Really glad to see that the dust has settled on your divorce and that you are back out on the field so to speak.

So ... now, onto the game.

Whenever a man invites you to his place on the first date, and you accept, that is a fundamental acknowledgment that sex is in play. Which if you want sex ... then fine.

I will say that the reverse is generally true as well. On the several occasions I have been invited to her place on a first date, I don't expect there to be sex ... but there had been. Again, I don't have an issue with that.

So, the problem with sex out of the gate is that it can, may, throw a wrench into the works where determining if attraction and compatibility remain in play.

I am not one for withholding for withholding's sake ... that too, is simply a game.

I get railed for 'game' analogies very often.
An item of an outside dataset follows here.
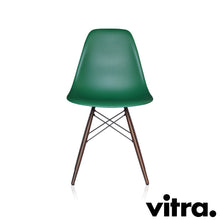 Lade das Bild in den Galerie-Viewer, Vitra Eames Plastic Side Chair DSW, Untergestell Ahorn, dunkel & weitere Farben
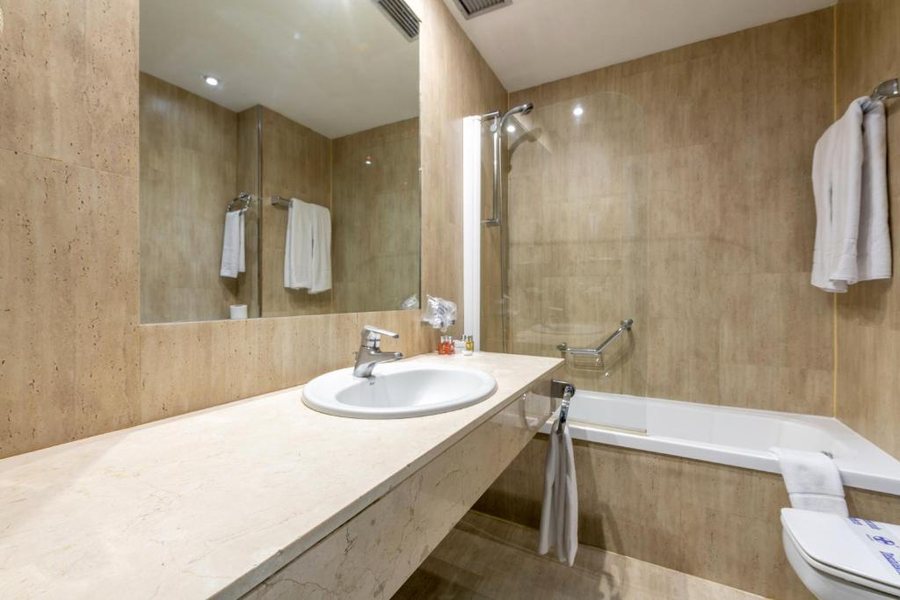 Espahotel Plaza de Espana — Bathroom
But the truth is, dating post-marriage, is far more of a game than dating when I was young and single ever was. People have more at stake, they have a history, sometimes that history comes with issues. Being completely guarded and closed off, isn't much different than being completely open, out there, and sexually forward. 

Here is my advice. Don't chase this guy. Just don't. If he wants you, he will come to you. You made it clear that you wanted to be sexual with him. And sex is what happened. I don't have an issue with that, but it can muddy the water if you haven't truly bonded.

Sex doesn't mean you are compatible. Hell, you don't even know enough about one another to truly know if you LIKE each other.

Sex also doesn't mean that you are exclusive. So ... if sexual exclusivity is important to you, then that warrants a conversation prior to clothing coming off.

Let it go. If you don't hear from him in 3 days, it's done. Cut him loose, and chalk this up as a learning experience. If you do hear from him after that time, accept a date at your discretion. He will likely try to move towards another sexual encounter.

Make some dating rules for yourself. Get the information that you need to get from your partner in order to feel comfortable and secure prior to being intimate, rather than being intimate and then wondering if the relationship is secure.